The effective formula gives a higher cost than the nominal formula because it captures the compounding effect.

### Interpretation

If the cost of forgoing the discount is higher than the firm's cost of short-term funds, it is worth borrowing to pay early and take the discount.

Worked example

### Example 1

Cost of forgoing a 2/10, net 45 discount

Terms '2/10, net 45' mean: 2% discount if paid within 10 days, otherwise full amount due in 45 days.

  • d = 2, t = 45 - 10 = 35 days
  • Nominal cost = [2 / (100 - 2)] x [365 / 35] = 0.020408 x 10.4286 = 21.28% p.a.
  • Effective cost = [(100 / 98) ^ (365 / 35)] - 1 = (1.020408 ^ 10.4286) - 1 = 23.45% p.a.

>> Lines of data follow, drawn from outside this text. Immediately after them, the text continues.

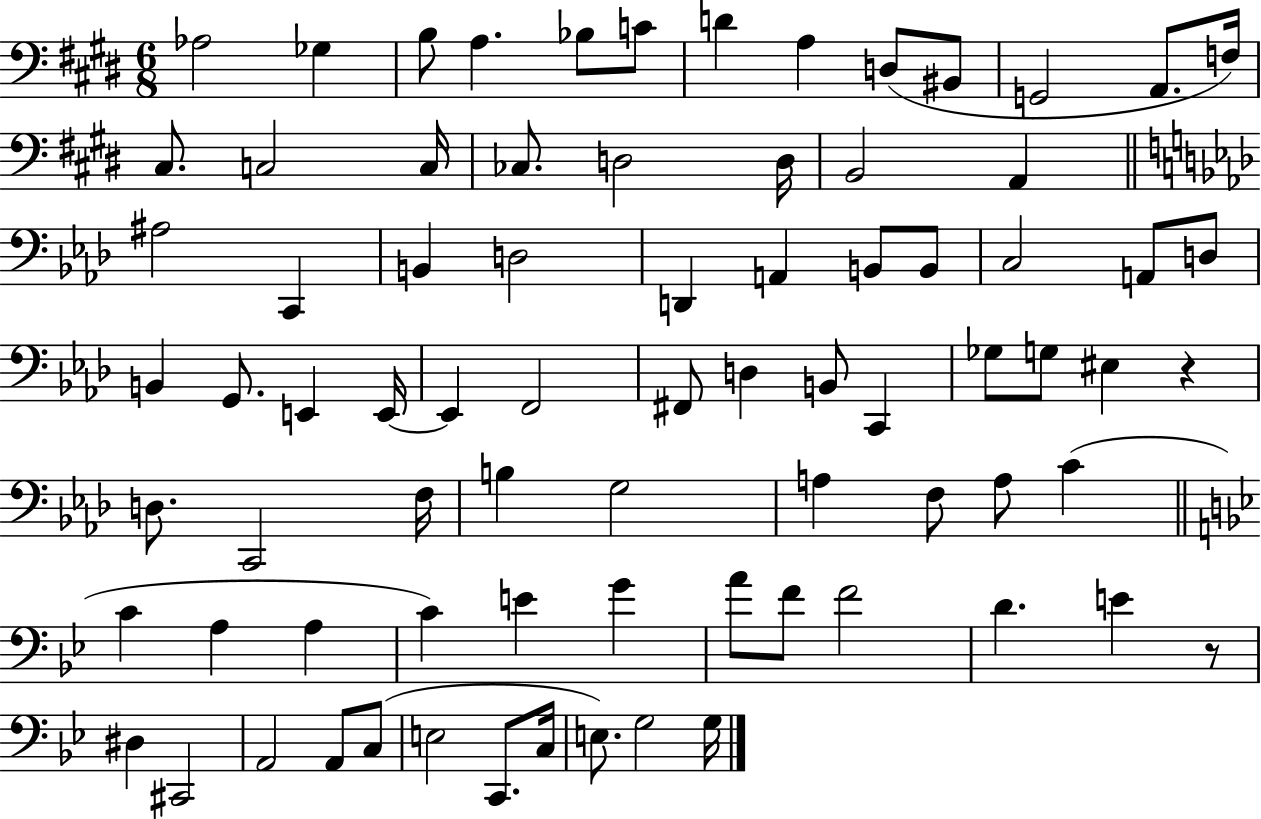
X:1
T:Untitled
M:6/8
L:1/4
K:E
_A,2 _G, B,/2 A, _B,/2 C/2 D A, D,/2 ^B,,/2 G,,2 A,,/2 F,/4 ^C,/2 C,2 C,/4 _C,/2 D,2 D,/4 B,,2 A,, ^A,2 C,, B,, D,2 D,, A,, B,,/2 B,,/2 C,2 A,,/2 D,/2 B,, G,,/2 E,, E,,/4 E,, F,,2 ^F,,/2 D, B,,/2 C,, _G,/2 G,/2 ^E, z D,/2 C,,2 F,/4 B, G,2 A, F,/2 A,/2 C C A, A, C E G A/2 F/2 F2 D E z/2 ^D, ^C,,2 A,,2 A,,/2 C,/2 E,2 C,,/2 C,/4 E,/2 G,2 G,/4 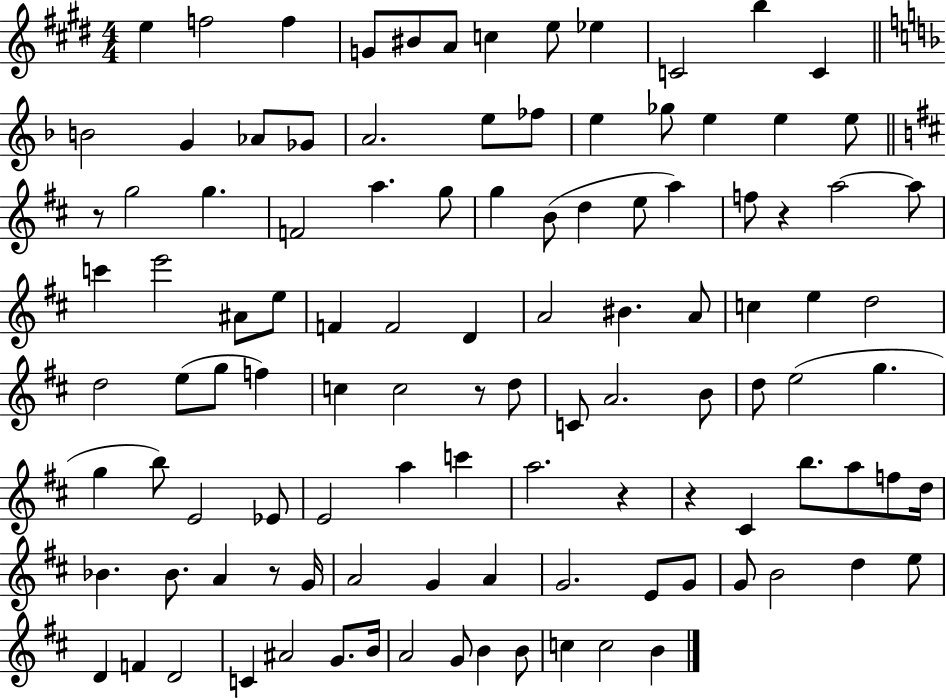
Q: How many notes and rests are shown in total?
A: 110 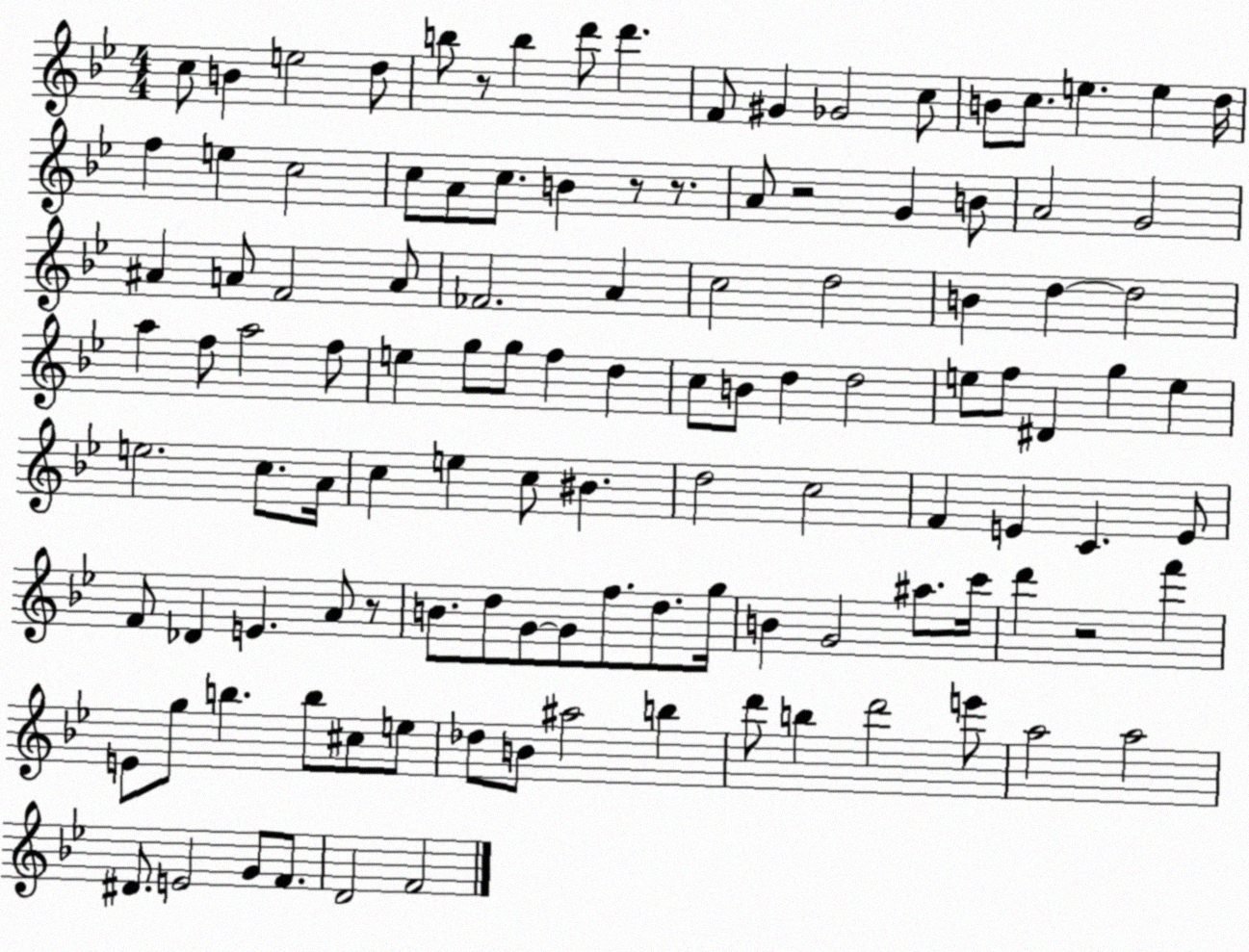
X:1
T:Untitled
M:4/4
L:1/4
K:Bb
c/2 B e2 d/2 b/2 z/2 b d'/2 d' F/2 ^G _G2 c/2 B/2 c/2 e e d/4 f e c2 c/2 A/2 c/2 B z/2 z/2 A/2 z2 G B/2 A2 G2 ^A A/2 F2 A/2 _F2 A c2 d2 B d d2 a f/2 a2 f/2 e g/2 g/2 f d c/2 B/2 d d2 e/2 f/2 ^D g e e2 c/2 A/4 c e c/2 ^B d2 c2 F E C E/2 F/2 _D E A/2 z/2 B/2 d/2 G/2 G/2 f/2 d/2 g/4 B G2 ^a/2 c'/4 d' z2 f' E/2 g/2 b b/2 ^c/2 e/2 _d/2 B/2 ^a2 b d'/2 b d'2 e'/2 a2 a2 ^D/2 E2 G/2 F/2 D2 F2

Since this far exceeds typical short-term borrowing rates, the firm should pay within 10 days and take the discount.

⚠️ Common exam mistakes

  • Computing t as the full credit period instead of (Days Credit Outstanding − Discount Period).
  • Putting the discount rate d in the numerator AND denominator incorrectly — denominator is (100 − d), representing the amount actually paid.
  • Using the nominal formula when the question asks for the effective/true cost (which requires the compounding exponent 365/t).
  • Treating trade credit as a 'free' source — forgoing a cash discount has a real, often very high, implicit cost.